The causes of this condition called global warming/climate change will continue to endure longterm effects for the earth – humans, forests, animals, oceans – the whole world. Our World. The place we reside and there is no other. This is a serious matter, however as time goes on, the reality is, it is real. What can we do to help turn some of these effects around?
There is hope. Communities are more aware and we are fighting to help save our world – because we have to, our lives depend on it.
Some small but effective actions we are able to take:
Ride a bike
Drive an electric or hybrid car
Fly less (not as easily done)
Use energy-efficient light bulbs.
Install solar power
Unplug computers, TVs and other electronics when not in use
Use cold water for washing clothes
Hang clothes out on a line rather than use a dryer (or use dryer balls if unable to hang out – Use the balls in the dryer to shorten drying time by up to 30%, make your clothes softer and prevent static electricity)
Install a programmable thermostat for heating
Buy and appliances with the Energy Star label
Insulate your home & use a seal on windows to prevent heat escaping.
Eat organically grown, local produce wherever possible
Don’t waste food.
Grow your own. – Consume less, waste less. Learn to reap what is only needed at the time instead of ‘keeping for later’. If there is unnecessary leftovers put them in compost, to be returned to the soil.
A healthy planet is all about communities, families, working toward climate change solutions. Everyone needs to start talking to each other, people, friends, family need to converse this subject and about how they can help toward making changes around the town they live, where and how the climate change will affect you and how you can help to lessen its impact. Encourage friends and family to explore how to help.
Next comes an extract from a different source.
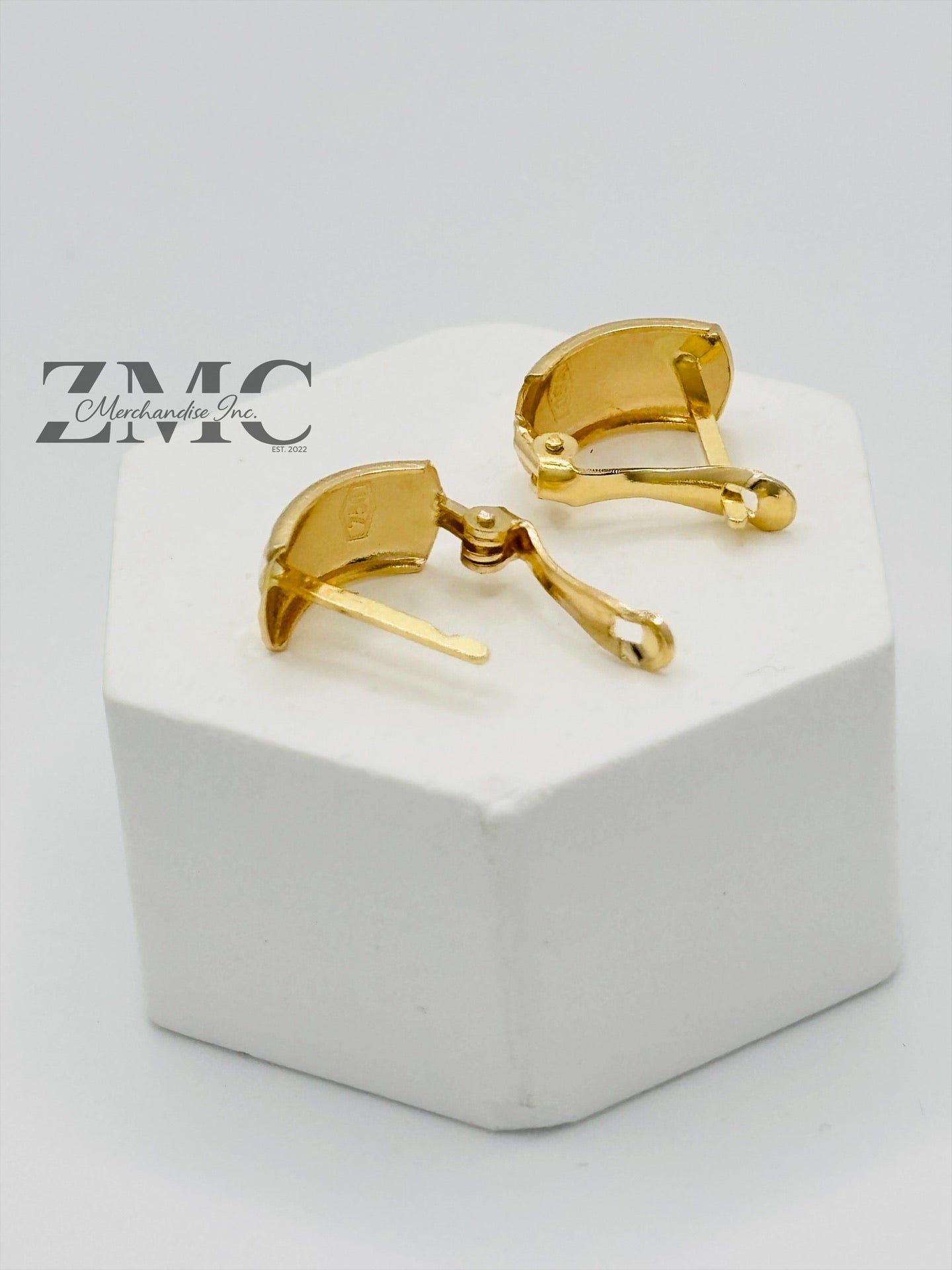18K Gold Diamond Cut Clip Type Earrings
To complete this important and interesting subject post here is a video from world reknowned naturalist Sir David Attenborough. – A man who DOES know his subject.
Sir David Attenborough has called out the Australian government in a sobering speech on climate change.
Posted by SBS News on Tuesday, July 9, 2019
This post is a mere glimpse at the information that has been obtained, researched and penned on the effects of global warming and climate change. (Some of the information included has been sourced from National Geographic who have an incredible amount of articles in relation to the subject.)